The EU is actively reshaping its Environmental, Social, and Governance (ESG) regulations, creating a dynamic environment for businesses. With frequent updates from the European Commission, Council, and Parliament, companies need to stay informed to keep up with compliance requirements.
This article offers an overview of the latest changes in key ESG regulations, including the EU Deforestation Regulation, Omnibus I, Omnibus IV, and the Green Claims Directive. These updates affect how businesses operate and plan for the future.
The EU Deforestation Regulation (EUDR) aims to reduce deforestation linked to EU supply chains. Originally set to start at the end of 2024, its implementation has been delayed by one year, now leaving companies six months to prepare. The European Commission recently proposed a Delegated Act to simplify Annex I, which lists commodities and products within the scope of the law. They also released an early version of the country benchmarking list, ranking countries by risk. This list will guide companies in assessing their due diligence responsibilities.
Meanwhile, some EU member states, and political groups are pushing to reopen the discussion on a new “no risk” country classification. More on the EUDR
Omnibus I is a major effort to simplify several ESG regulations, including the Corporate Sustainability Reporting Directive (CSRD), Corporate Sustainability Due Diligence Directive (CSDDD), EU Taxonomy, and Carbon Border Adjustment Mechanism (CBAM). A provision agreement on CBAM is expected for adoption in September.
For the CSRD, the European Financial Reporting Advisory Group (EFRAG), suggests reducing the European Sustainability Reporting Standards (ESRS) data points by 50%. The Council also proposes increasing the threshold of 1,000 employees and net turnover of 450 million euro in turnover, excluding listed small and medium-sized enterprises (SMEs).
The Council’s position also covers the CSDDD:
Increased threshold of 5,000 employees and 1.5billion euro net turnover
Due diligence requirements stay limited to own operations, subsidiaries and tier 1 suppliers
Proposes that the identification and assessment obligations are extended in case of objective and verifiable information suggesting adverse impacts beyond direct business partners
Climate transition plans to include implementing actions and a 2-year delay on the obligation to adopt such a plan
Extension of the transposition deadline with another year to 26 July 2028
The Rapporteur for the European Parliament issued his recommendations, going well beyond the original simplifications proposed by the Commission, e.g. increasing the threshold further to 5,000 employees. The European Parliament is much divided, and a joint position is not around the corner. Several MEPs are pushing back on the rapporteur’s proposal with amendments of their own.

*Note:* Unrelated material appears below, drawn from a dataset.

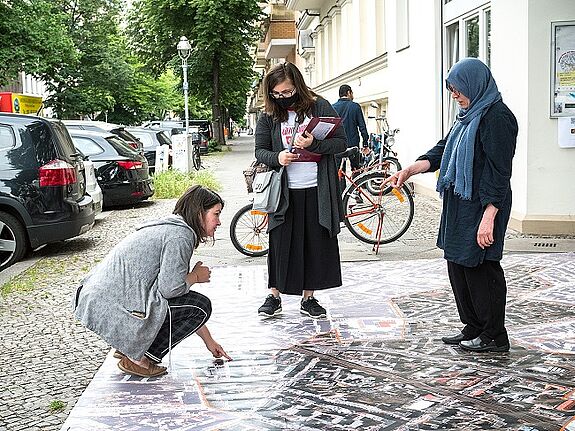 Auf einer überdimensionalen Karte zeigen die Anwohnenden ihre Lieblingsorte im Kiez.  Bild: Andrei Schnell, Sulamith Sallmann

In May, the Commission introduced Omnibus IV. Key updated include:
Introduction of Small Mid-Caps (SMCs) to bridge the SME-large enterprise gap. This new classification applies to companies with fewer than 750 employees and either up to €150 million in turnover or up to €129 million in total assets.
Exemptions for Smaller fluorinated greenhouse gas registration. Smaller companies that handle limited volumes of fluorinated greenhouse gases would be exempt from the obligation to register in the EU F-gas Portal.
GDPR record keeping simplification for small and medium enterprises. Small and medium-sized companies and newly defined SMCs (companies with fewer than 750 employees) will only be required to maintain records of personal data processing if the processing is considered “high risk” under the GDPR.
Digitization of compliance documentation to replace paper-based processes.
Facilitating product compliance through common specifications.
Delay in battery regulation due diligence obligations. Originally set to take effect from August 2025, the Battery Supply Chain Due Diligence obligations would be delayed until 2027. This follows the EU’s failure to publish the corresponding guidance by the planned date in February. The guidance is expected to be available one year before the new obligations commence. This delay also applies to the setting up of third-party verification bodies responsible for overseeing compliance.
The Green Claims Directive, meant to regulate environmental claims, hit a snag recently. The day before the Green Claims Directive Trilogue negotiations were to happen, the Commission mentioned its intent in a press conference to retract the directive, stating it contradicts its intentions to simplify regulation. The day after, the Commission stated it does not intend to cancel the GCD, but did say it objects to a proposed amendment that would include millions of Microenterprises (<10 employees) in its scope. The Commission cancelled the Trilogue meeting and called on the Council and Parliament to revisit the proposed amendment, saying it would in fact retract the directive in case the amendment is kept.
The EU’s ESG landscape is complex and fast-changing. While details shift, the focus on supply chain transparency or human rights and environmental due diligence are not going away but are firmly embedded in EU and global regulation.
Staying focused means putting processes and activities in place to understand what your products are made of, where raw materials come from, where products and components are made, who made them and under what conditions.